Excavation StrategyPosted under: about >> Methodology Tags: deposits, ditch, drain, evidence, feature, fill, foundations, georgian, layer, medieval, objects, pit, post-medieval, post hole, prescot street, quarry pit, roman, south tenter street, strategy
The detailed excavation strategy is set out in our WSI. However as a guide to people interested this article gives a summary of the way we intend to dig the site:
Due to the size of the site, we are going to excavate in three distinct blocks. These blocks will be defined by breaks in the stratigraphic sequence such as significant truncations), or areas without archaeological deposits. Where excavation is not taking place, a thick deposit of overburden will be retained as a protection to the archaeological deposits to be left in situ.
Removal of Modern Soil or Overburden
The overburden on site is around 2 metres thick and contains the remains of Post Medieval buildings. This material will be removed under watching brief conditions by mechanical excavator.
This reduction will be undertaken in spits across the entire area of the zone to be excavated. The final spit will reveal archaeological deposits and care will be taken to ensure that sufficient material is left in this spit to allow the machine into the area without damage to underlying deposits. The final machining of this spit will be to the top of archaeological deposits. This will require care to ensure that the archaeological deposits are sufficiently cleaned of overburden, and that deposits are not removed without adequate recording.
Once excavated, the area will be surveyed by L – P : Archaeology’s survey specialist, Andy Dufton and the edge of the zone will be clearly defined and fenced to protect it from trampling by foot or machine.
Any archaeological deposits not yet ready to be excavated will remain protected under a thick layer of soil.
Recording and Removal of Post Medieval Buildings
From the results of the evaluation, we know that the 18th and 19th century buildings on site have sealed the earlier archaeological deposits beneath their foundations. In order to get to these earlier deposits, the Post Medieval remains must be recorded and removed.
Evidence of structures on site, specifically those dating to the 18th and 19th century and earlier, will be recorded and form part of the archaeological record. Typically, these will be wall and floors.
In areas with 19th century basements, the basement slab will be removed with a machine. Deeper foundations which extend to the underlying natural sands and gravels may be left in place to prevent any disturbance to the surrounding archaeology. Smaller foundations will be removed in stratigraphic sequence with the archaeological excavation. The breaking and removal of these will be by hand (where possible) under supervision of the archaeological team.
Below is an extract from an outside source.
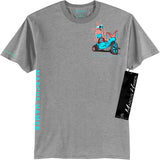 My First Whip Men's Tee Leftchest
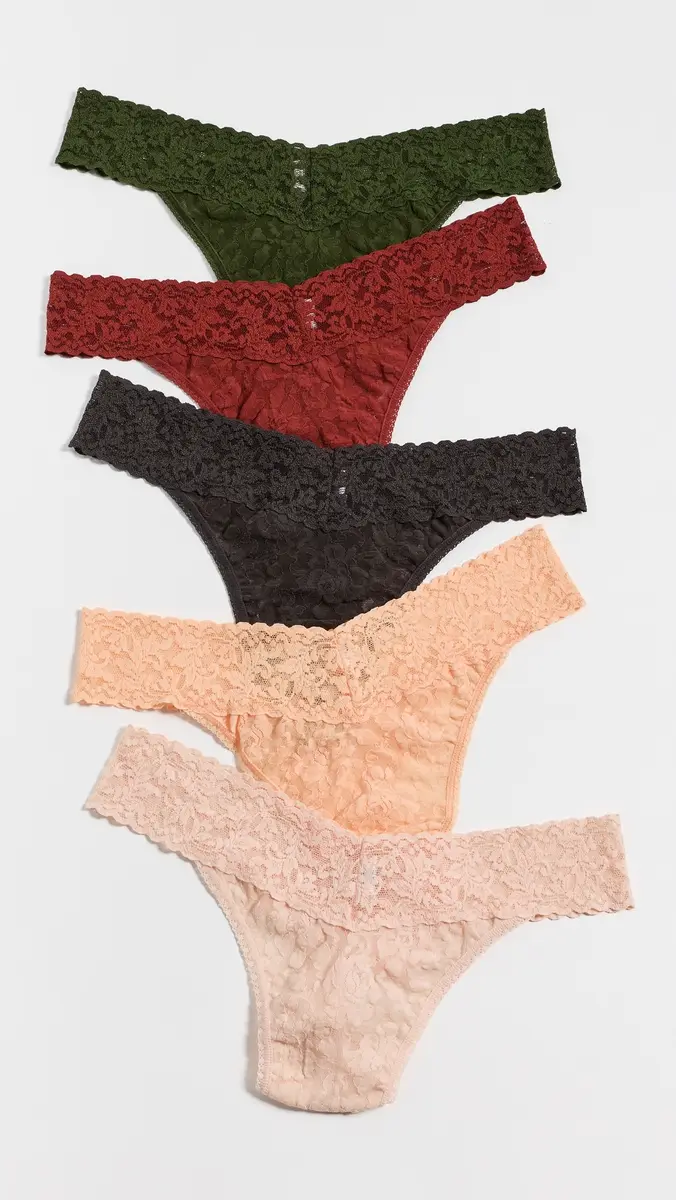 Hanky Panky Lace Original Rise 5 Pack | Thumbnail 2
As these areas are highly likely to overlie earlier stratigraphy, recording and removing these will be done with extra care.
If foundations are large deeply buried objects such as pad foundations, these will not be lifted whole out of the ground until all surrounding archaeological deposits have been removed.
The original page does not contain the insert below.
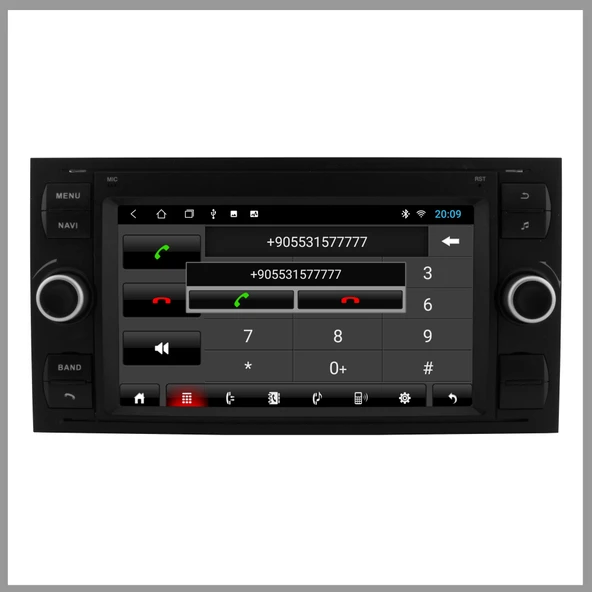 GOVİMAKS FOCUS 1-C MAX-TRANSIT 2 GB RAM 32 GB HAFIZA ANDROID MULTIMEDIA TEYP - 3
All modern intrusions will be removed under archaeological supervision. Foundations will not be removed in a way that will damage archaeological deposits.
In order for the archaeological dig to begin, a secant pile wall will be constructed. This will involve the insertion of a concrete pile wall around the entire excavation area.
The secant foundations will provide the external retaining wall of the new building as well as the principle foundations of the building. They will also provide a retaining wall which allows the open area excavation of the entire site.
We will be excavating the site in stratigraphic sequence by context. This means that we will start by removing the later deposits first, and working through to the earlier deposits. Each archaeological context will be removed as a whole.
Excavation will be by hand. Care will be taken to clean and define the deposits before we begin excavation. Large homogenous deposits such as the possible cultivation soil will be sampled and may be excavated by machine if it is thought they are a single homogenous deposit.
All of the remains will be recorded according to the standard London archaeological recording method which is published by the Museum of London. This ensures that our records are compatible with the records produced by all the other digging units in London.
The method for finds collection and for environmental sampling are discussed in more detail in the WSI.